Miller’s pedigree includes a Hall of Fame playing career at Southern California, leading the U.S. to a gold medal at the 1984 Olympics, successful coaching stints at her alma mater and in the WNBA, and 17 years as a NBA sideline reporter with TNT.
The initial link connecting Miller to Langston is athletic director Mike Garrett, who had hired Miller in 1993 while serving as athletic director at USC.
When Garrett reached out to Miller about Langston’s coaching vacancy, Miller admits she didn’t know much about the small school in central Oklahoma.
“I’m not going to lie, I had to get on the Internet and look up the history of this university,” Miller said. “Obviously, it’s historically very rich in tradition. Then I started trying to figure out the similarities and trying to connect the dots (for me). Having spent 17 years commentating with TNT, I know the Thunder, and my former associate coach when I was at USC, Fred Williams, coaches in the WNBA with the Tulsa team. And smack dab in the middle, is Langston.
“But it wasn’t until I sat down with (Langston president) Kent Smith and Mike Garrett. What they spoke about was a vision for this university academically, athletically, and its legacy. That’s what I admire. That sold me.”
Miller had been looking to get back into coaching for the past two years, but was struggling to get interviews and offers after being out of coaching since 2000.
“It was very humbling,” Miller said. “I think sometimes we can get into a mindset where we think it should be easy, and it wasn’t.
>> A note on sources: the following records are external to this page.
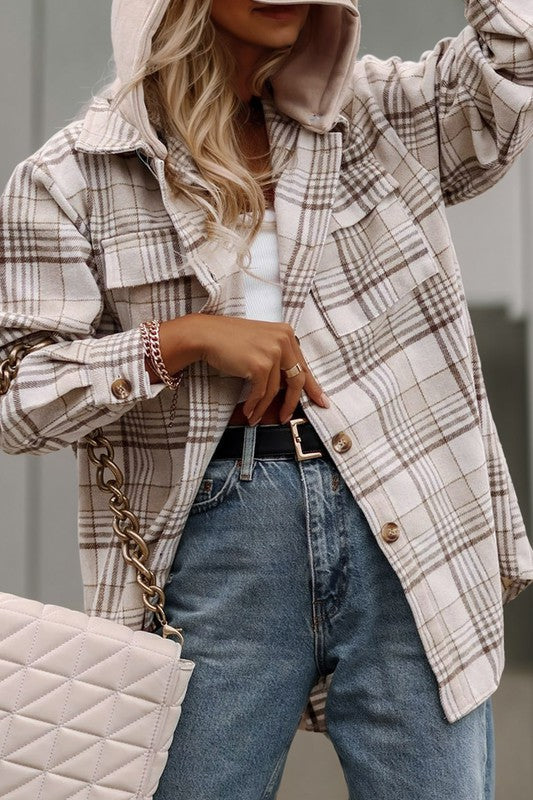 Olga | Checked, detachable hooded jacket with buttons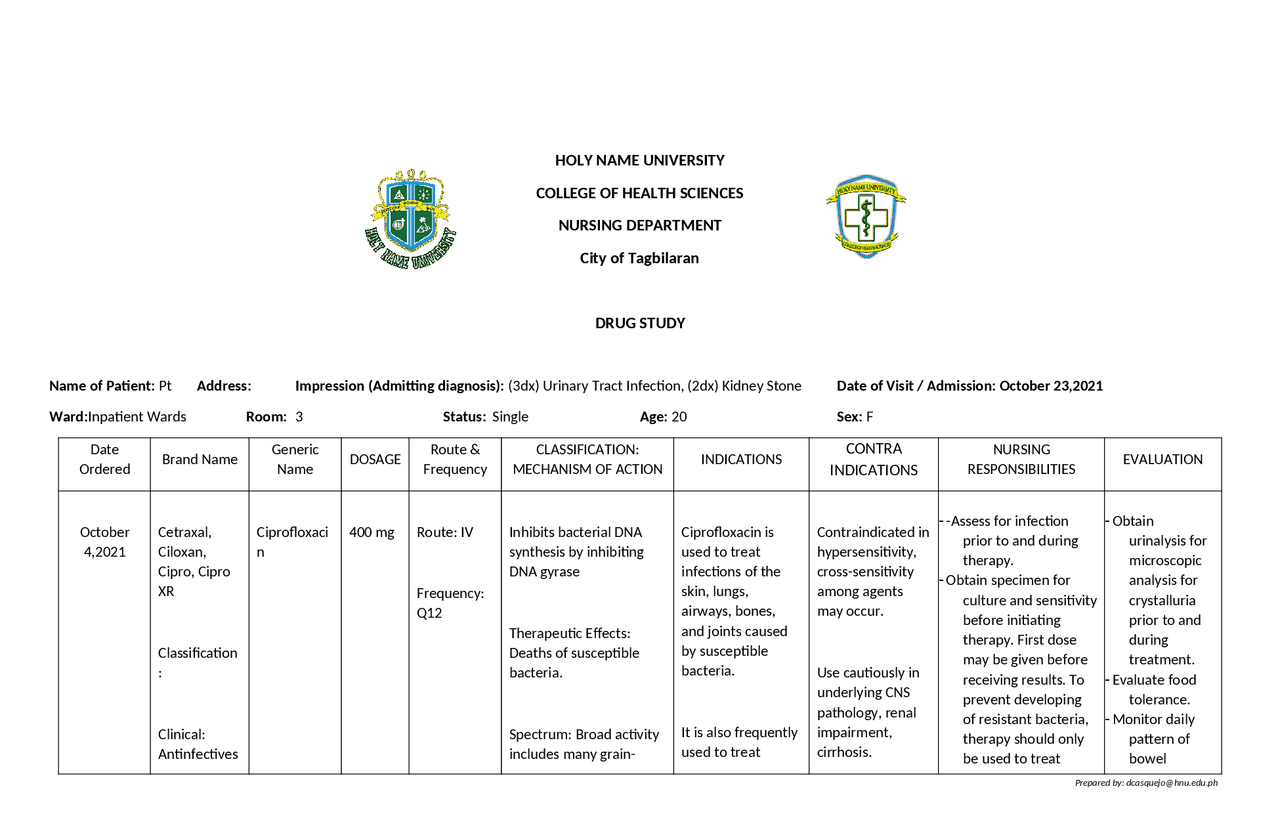 Drud Study Example Renal Drug Study Pharmacology - Docsity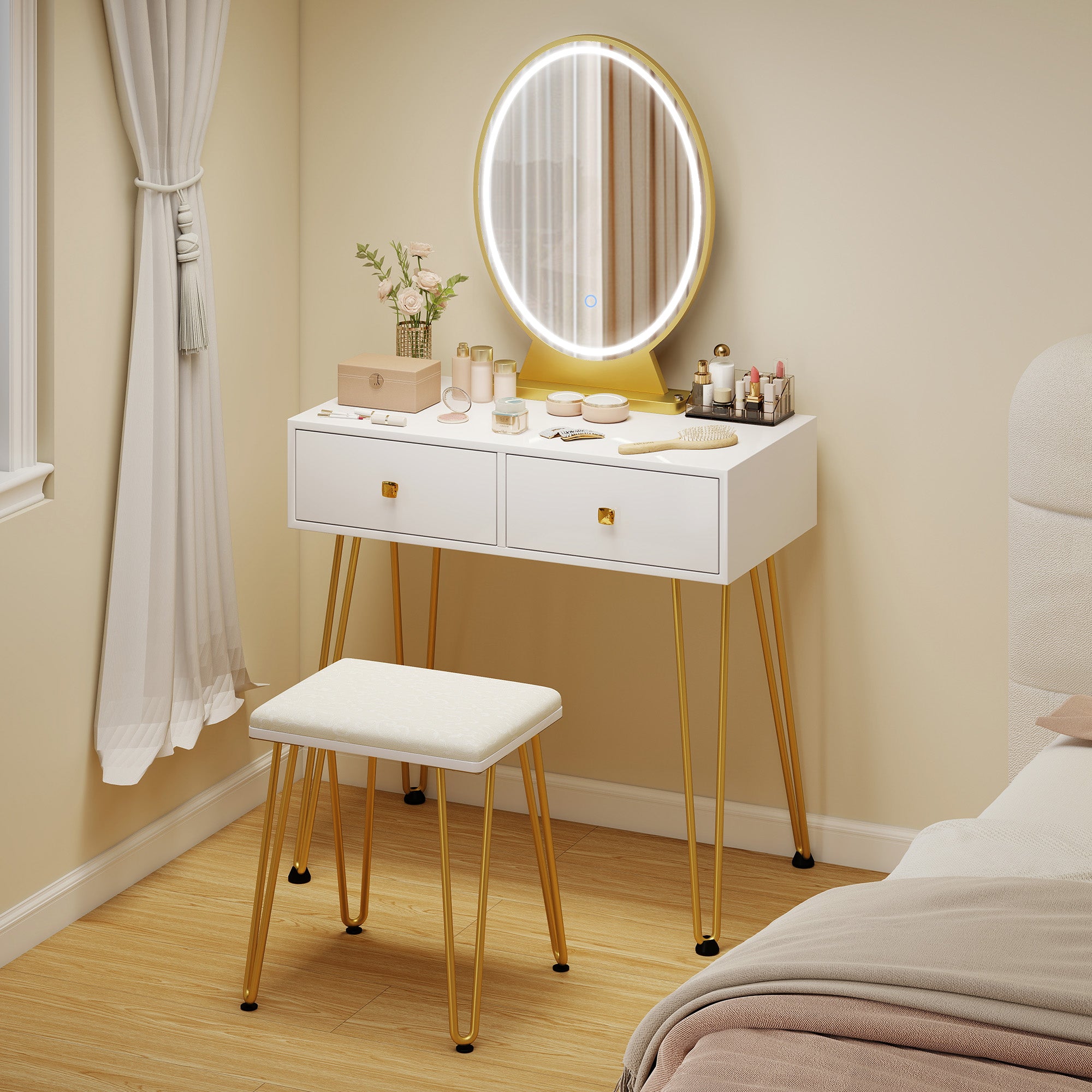 HOMCOM Dressing Table Set with LED Light, Round Mirror, Vanity Makeup Table with 2 Drawers and Cushioned Stool for Bedroom, White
There were a lot of doors that were slammed, but it comes back to what are you going to do in adversity. I don’t need to be at a Division I. I’m right where I need to be, and that’s Langston University.”
Miller expects to bring success to Langston much like she did while coaching at USC (1993-95), where her teams went a combined 42-14, including an Elite Eight appearance. She also previously coached the Phoenix Mercury (1997-2000) of the WNBA, leading the team to the WNBA Finals in 1998.
“Next season we’re talking about championships,” Miller said. “The bar has been set. Not just for (the players), but for my entire staff. We’re going to do this together.”
Miller isn’t taking over a program that’s in the dumps, by any means. The Lions went 20-13 last season, and finished third in the Red River Athletic Conference under former coach David Johnson. The squad is led by forward Lynette Holmes. The senior to-be led NAIA Division I at 26.5 points per game last season.
“I have no idea (what’s it going to be like), but I’m very excited,” Holmes said. “Who doesn’t know about Cheryl Miller? She was the tomboy who dominated her brother in sports. We all want to be like her. She’s one of my role models I looked up to growing up.
“We think that next year we are going to be national champions and conference champions under the direction of Coach Miller.”